Chapter 8-2 Hezekiah: Faith And Weakness

Hezekiah and faith go together. “He trusted in the Lord, the God of Israel: so that after him there was none like him among all the kings” (2 Kings 18:5). There was no king like him for his faith / trust [note a similar rubric used about Josiah in 2 Kings 23:25, in relation to Josiah’s obedience to the Law]. Josiah was the most obedient king; Hezekiah was the most faith-ful. But 2 Kings 18:6 goes on to say that this faith was “for” or because Hezekiah was obedient to God’s commandments. Here we see the upward spiral in the spiritual life, and how each aspect of spirituality reinforces others. His obedience reinforced his faith; indeed the entire Law of Moses wasn’t designed as a hopeless obstacle course, it was “holy, just and good” and was intended to lead people to faith, especially in the Messiah to come.
2 Kings 18:14 “I have sinned” suggests Hezekiah took false guilt; lack of faith in God often is related to false guilt. Faith in God’s opinion and perspective on us saves us from such false guilt. Even worse, Hezekiah treated Sennacherib as God, addressing him with the language of confession and repentance which should be directed only to God. By doing so, he believed in Sennacherib as God. And whenever we let people give us false guilt, we are effectively believing in them as God rather than in the one true God. Hezekiah then stripped the temple of its gold, representing faith, and gave it to the Assyrians. It was a sad blip on the screen in Hezekiah’s life of faith. The way he has to deal with the prophet Isaiah through messengers soon afterwards may suggest an estrangement between Hezekiah and Isaiah- exactly because of this.
After this lapse of faith in paying off Sennacherib, it became harder for Hezekiah to show faith again. Now it was going to be really hard to rebel against him and refuse the payments. I take the comment in 2 Kings 18:7 that Hezekiah rebelled against Assyria and refused to serve / worship him as part of a summary of what Hezekiah did in his life. He refused any longer to serve Sennacherib as God, but decided to serve Yahweh alone. This rebellion against Sennacherib is singled out as the most noteworthy thing he did. He had submitted to Assyria, paid what they asked, made an agreement with them. And then he broke it, and so the Assyrians sent their army against Hezekiah. If this isn’t the correct reconstruction, then we have the scenario of Hezekiah sending money to Assyria as they requested, but then them coming and invading anyway. In every other case of gold being given to buy off Israel’s enemies, it seems the bargain was stuck to, at least in the short term.
So Hezekiah paid all the wealth of Judah to Assyria and entered an agreement with them. And it seems he impoverished Judah yet more by then making some arrangement with Egypt to throw off the Assyrian domination (2 Kings 18:21,24). Hezekiah really did mess up. But then he breaks the agreement with Assyria, inevitably provoking an Assyrian invasion of his now impoverished country. He must’ve been almost alone in this. Because doing this made no human sense; his cabinet and people would’ve surely been against it. Following our conscience often puts us in situations like this.

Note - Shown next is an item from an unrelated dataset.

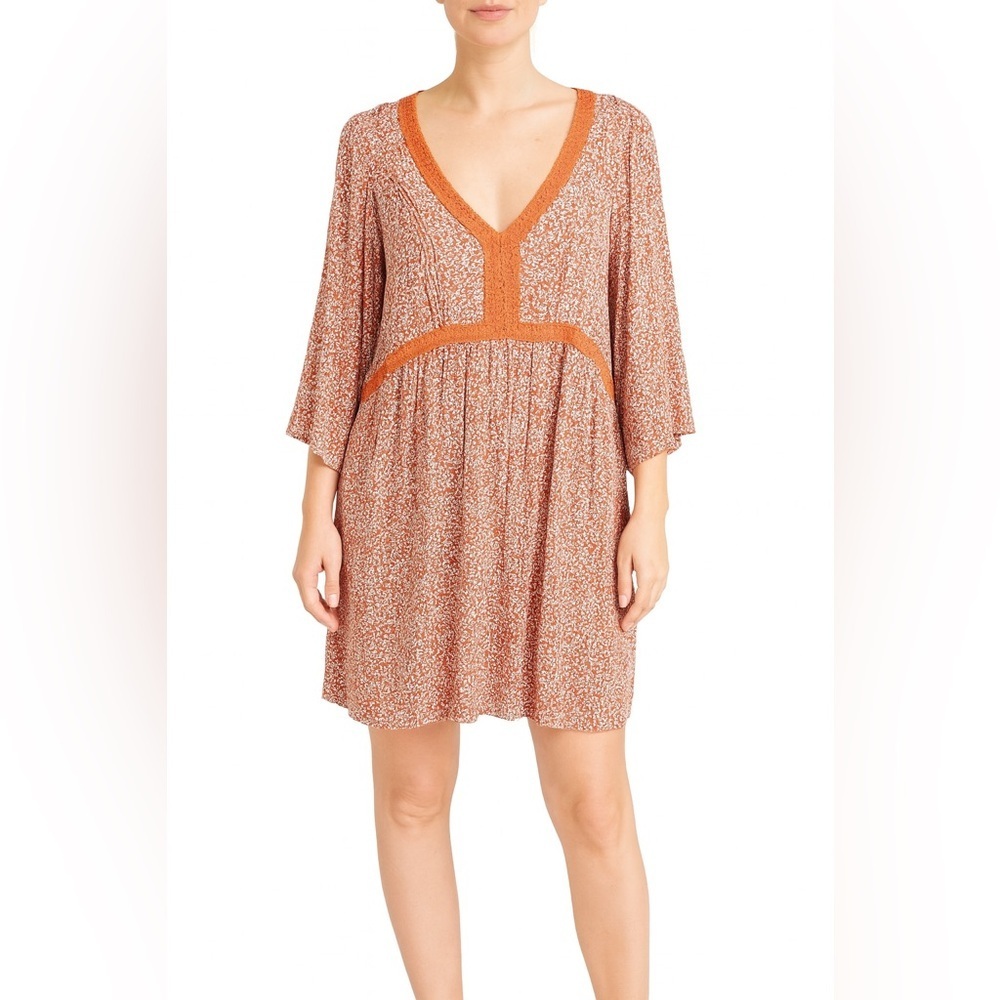 IN EVERY STORY Coral Ditsy Floral Print Tunic V-Neck Lace Trim 3/4 Sleeves 3X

But Hezekiah was determined to live by faith. It would seem from Rabshakeh’s words to the people of Jerusalem that Hezekiah had begun a ‘Trust in God!’ campaign: “Do not let Hezekiah make you trust in the LORD by saying, ‘The LORD will surely deliver us, and this city will not be given into the hand of the king of Assyria'... do not listen to Hezekiah when he misleads you by saying, The LORD will deliver us” (2 Kings 18:30,32). “The Lord will deliver us” therefore appears to have been a catchcry of Hezekiah to all the people. Jerusalem was surrounded by her strong enemies, whom Hezekiah had sorely provoked  by faithlessly siding with Egypt against them and then in faith towards God breaking off his agreement with the Assyrians. So now Hezekiah was driven to throw himself upon God for a miracle. His utter confidence is recognized by God, when He speaks of how the faithful remnant in Jerusalem- the “virgin daughter of Zion”- had despised Assyria, laughed her to scorn, and wagged her head at Assyria (2 Kings 19:21). That would’ve required an extraordinary level of faith to do that. Hezekiah wasn’t just hoping for the best, using prayer as a last resort, a kind of back up insurance policy after doing all he could. This was the prayer and faith of utter confidence, believing that things that are not are in fact, and being so sure they will come about that this faith actually affects our feelings. Hezekiah felt confident, superior to the Assyrians, all the feelings that come from knowing that one is in a far stronger position. This is a challenge in our self-assessment. To what extent does our confidence in faith affect our emotions and feelings?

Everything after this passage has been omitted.